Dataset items
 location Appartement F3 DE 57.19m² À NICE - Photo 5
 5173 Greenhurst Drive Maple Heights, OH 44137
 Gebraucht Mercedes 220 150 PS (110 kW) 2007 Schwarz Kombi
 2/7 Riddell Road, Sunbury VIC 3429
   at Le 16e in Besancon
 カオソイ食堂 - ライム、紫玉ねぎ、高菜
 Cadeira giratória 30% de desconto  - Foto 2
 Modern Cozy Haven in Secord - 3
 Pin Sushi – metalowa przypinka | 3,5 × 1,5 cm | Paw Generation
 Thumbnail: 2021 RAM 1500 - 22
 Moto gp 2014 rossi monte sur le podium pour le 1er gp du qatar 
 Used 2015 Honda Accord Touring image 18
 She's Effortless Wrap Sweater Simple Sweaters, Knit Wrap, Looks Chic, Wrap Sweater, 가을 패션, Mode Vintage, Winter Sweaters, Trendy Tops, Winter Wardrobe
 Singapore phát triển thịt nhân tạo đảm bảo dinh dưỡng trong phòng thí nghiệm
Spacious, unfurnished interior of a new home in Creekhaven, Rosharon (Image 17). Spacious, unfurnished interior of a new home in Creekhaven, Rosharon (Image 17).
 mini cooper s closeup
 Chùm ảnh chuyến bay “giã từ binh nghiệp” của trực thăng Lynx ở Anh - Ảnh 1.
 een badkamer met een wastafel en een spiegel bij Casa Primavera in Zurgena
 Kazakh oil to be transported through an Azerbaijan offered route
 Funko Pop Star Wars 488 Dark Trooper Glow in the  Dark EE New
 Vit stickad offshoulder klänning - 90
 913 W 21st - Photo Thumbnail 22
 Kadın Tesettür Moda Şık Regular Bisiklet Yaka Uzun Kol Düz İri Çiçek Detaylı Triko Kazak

What is required: Find the string "Thumbnail" in the entries above and return each line that holds it.

Written response:
 Thumbnail: 2021 RAM 1500 - 22
 913 W 21st - Photo Thumbnail 22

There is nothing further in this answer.